• [Provided data]
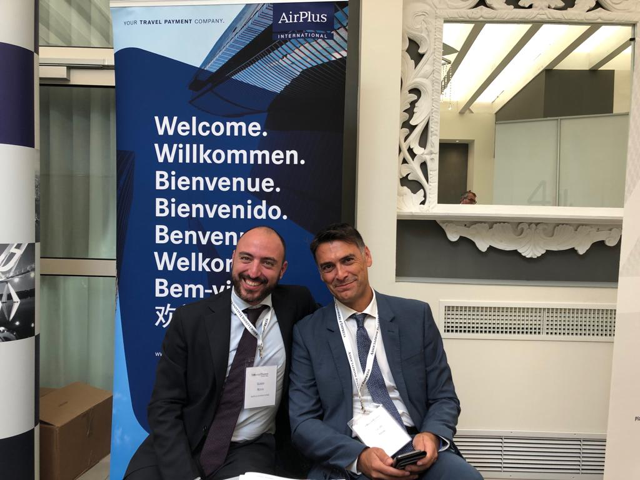 AirPlus_Italy's tweet photo. Sul palco del "Treasury &amp; Finance Forum Day 2019" organizzato da #AITI, Salvo TORRE parla di #virtualpayment illustrando come, la loro adozione, possa contribuire a migliorare i flussi di cassa ottimizzando i processi. 

#digitalpayment #b2b https://t.co/JEDPMEnJfn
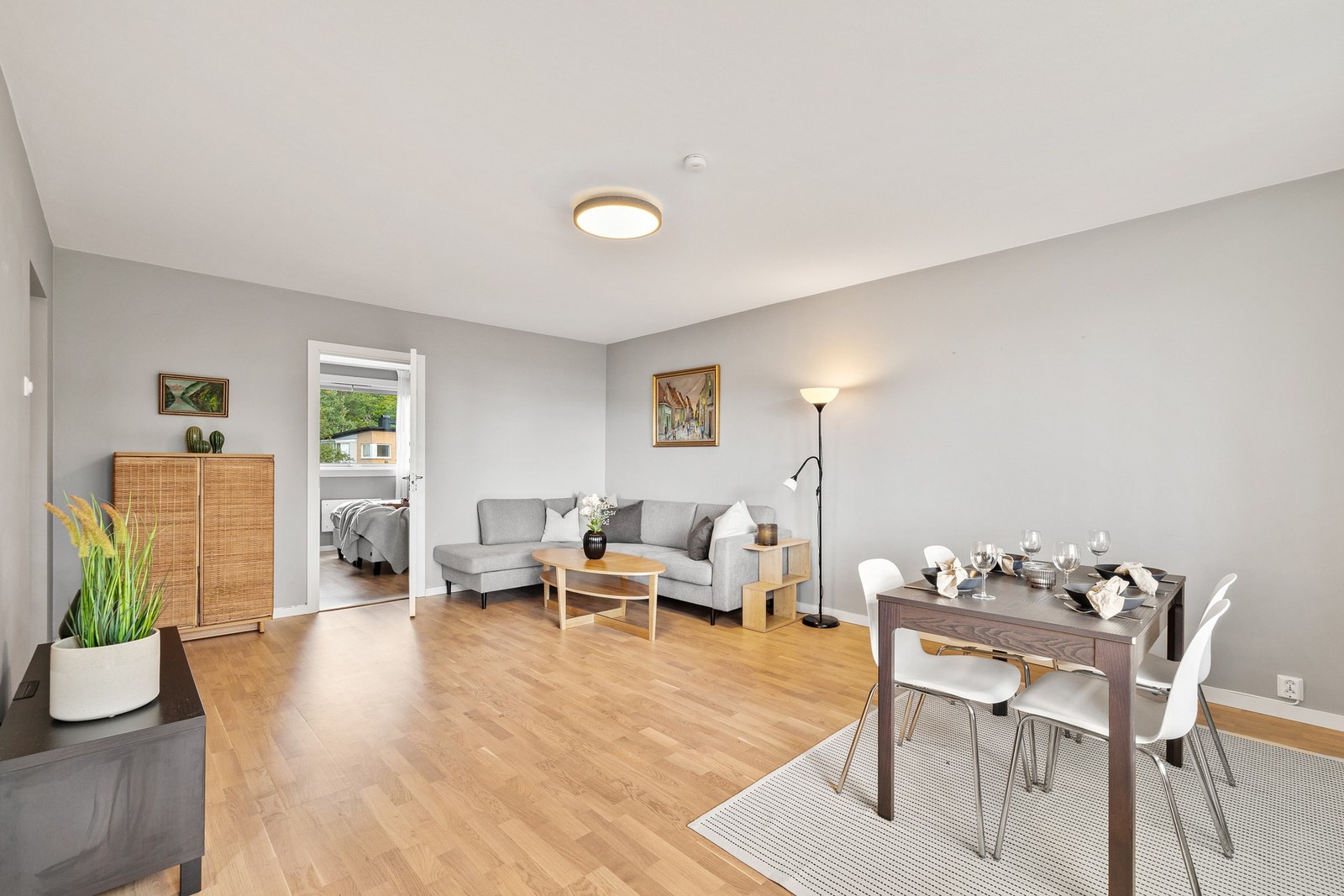 Dem romslige stuen har god plass til spisebord, noe som gjør rommet både sosialt og praktisk i hverdagen. Galleribilde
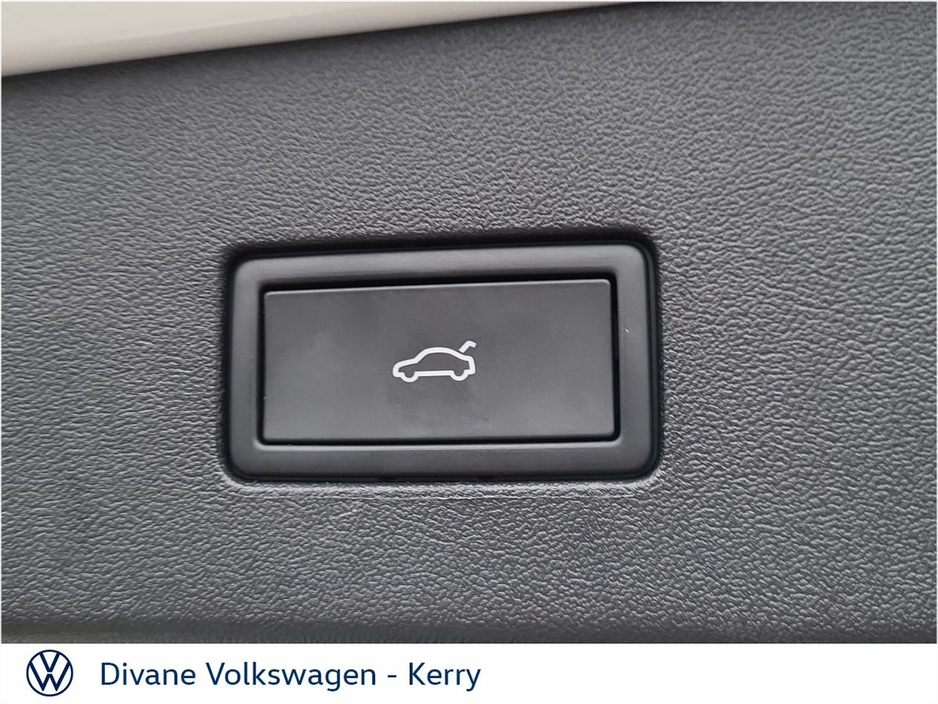 2025 Volkswagen Tayron R LINE 75 MARKET INTRODUCTION 1.5 TSI PLUG IN HYBRID 204BHP €59,950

• [Try it] Quote the full listing above word for word; exclude every picture from the copy.

• [Solution below]
 AirPlus_Italy's tweet photo. Sul palco del "Treasury &amp; Finance Forum Day 2019" organizzato da #AITI, Salvo TORRE parla di #virtualpayment illustrando come, la loro adozione, possa contribuire a migliorare i flussi di cassa ottimizzando i processi. 

#digitalpayment #b2b https://t.co/JEDPMEnJfn
 Dem romslige stuen har god plass til spisebord, noe som gjør rommet både sosialt og praktisk i hverdagen. Galleribilde
 2025 Volkswagen Tayron R LINE 75 MARKET INTRODUCTION 1.5 TSI PLUG IN HYBRID 204BHP €59,950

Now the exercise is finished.